A Labour MP's attempt to ban hunting with hounds has died a death.

Michael Foster has withdrawn his Private Members Bill, which was scheduled for discussion in the House on Friday, citing "cynical tactics" by his parliamentary opponents.

The Bill was ranked a lowly eighth in the queue for debate and was never likely to get an airing, but Mr Foster says his Bill would have been used by opponents to talk out other important proposals such as legislation on puppy farms.
[ image: Michael Foster plans to continue the battle]
Michael Foster plans to continue the battle

"The cynical tactics of my opponents were all too clear," said Mr Foster "It would be wrong to needlessly sacrifice such worthy Bills as the Puppy Farm, Fireworks, Minicab and Energy Efficiency Bills by keeping my Bill on the Order Paper, when my Bill had little chance of becoming law."

Straw seeks "way through this"

The government refused to back the Bill on the grounds that it had other important legislation to put through. Mr Foster consequently knew the likelihood of his Bill being passed was very slim.

Home Secretary Jack Straw told the BBC, before he knew the Bill was being withdrawn, that "The problem has been that there is huge pressure on the government's legislative programme - main Bills which we have to get through."

"There will be discussions with Mike and his colleagues to see if there is some possibility of a way through this," promised Mr Straw.

Hunting will not survive

Reacting to the home secretary's words, Mr Foster declared: "I will continue the fight against hunting with dogs. Given the huge majority in the House of Commons on this issue, it is inconceivable that hunting will survive this Parliament."

[ image: Michael Foster holds a fox aloft to cheers from the crowd when his Bill first reached the Commons]
Michael Foster holds a fox aloft to cheers from the crowd when his Bill first reached the Commons
He added: "It is now up to the Government and anti-hunt MPs to determine a way forward that will bring this ban about. Hunting has no place in a modern Britain."

Campaingers go on

The Bill's demise is a major blow for animal welfare supporters and many, mostly urban, Labour MPs who have fought a vigorous campaign to halt the sport.

A spokesman for the Campaign for the Protection of Hunted Animals has responded to the withdrawal of the Bill: "Our campaign goes on regardless. He knew plans were being made to scupper his Bill and he did not want to hold up any other worthy Bills on the list by keeping his own on it."

Talked out

The controversial Bill was talked out of time in the Commons in March. Its sponsor, Worcester MP Michael Foster, was unable to persuade the Speaker to allow time for a debate on a new clause aimed at bringing in the ban through existing legislation.

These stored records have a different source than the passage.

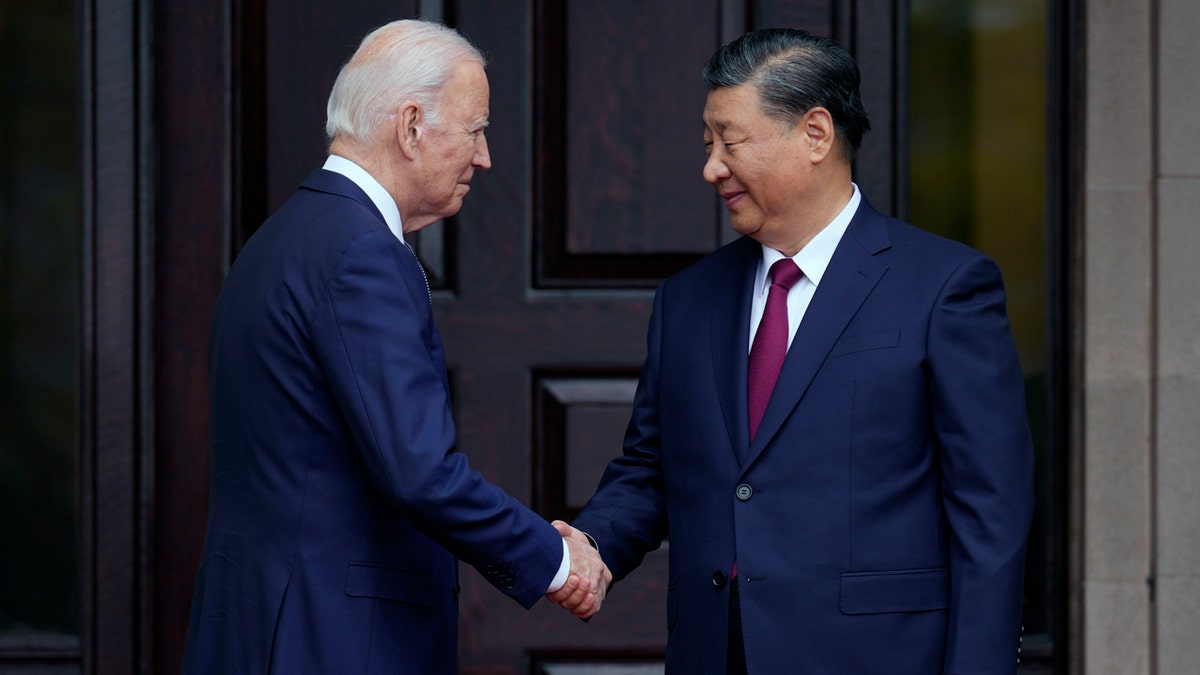 President Joe Biden greets China's President President Xi Jinping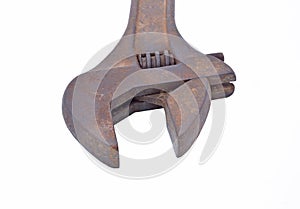 The big metal wrench for untwisting of pipes on a white background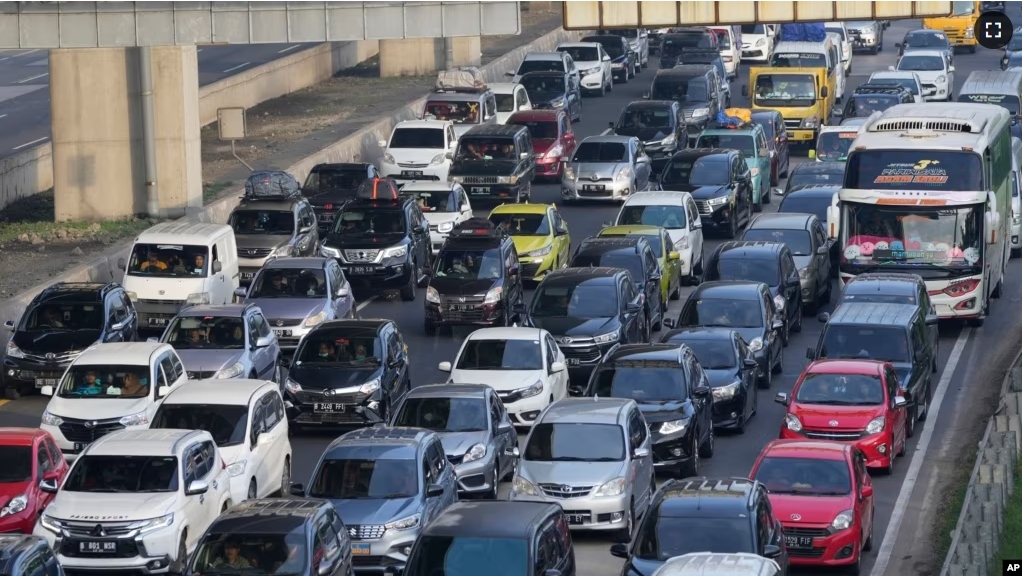 FILE - Vehicles are caught in congestion as the flow of traffic increases at toll road in Cikarang, West Java, Indonesia, Friday, April 29, 2022. Google says its AI-powered system helps improve traffic flow. (AP Photo/Achmad Ibrahim)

Previously, the Bill's opponents had blocked debate by tabling hundreds of amendments to ensure its allotted time was used up discussing endless new clauses.

As private members' Bills are given very limited Parliamentary time, they can fall prey to sabotage by opponents who can continually put down amendments, or talk for so long that it runs out of time.

[ image: More than 250,000 people descended on London]
More than 250,000 people descended on London
Focus for rural concerns

Earlier this year, the issue of hunting with hounds became one of the focuses for a protest by country dwellers represented by the Countryside Alliance, which believed their concerns were being ignored by the government.

After a rally in Hyde Park last summer, more than 250,000 people descended on London in March to protest at what they saw as an infringement of their rights to control a pest as well as the government's handling of the BSE crisis and its plans to build houses on greenfield sites.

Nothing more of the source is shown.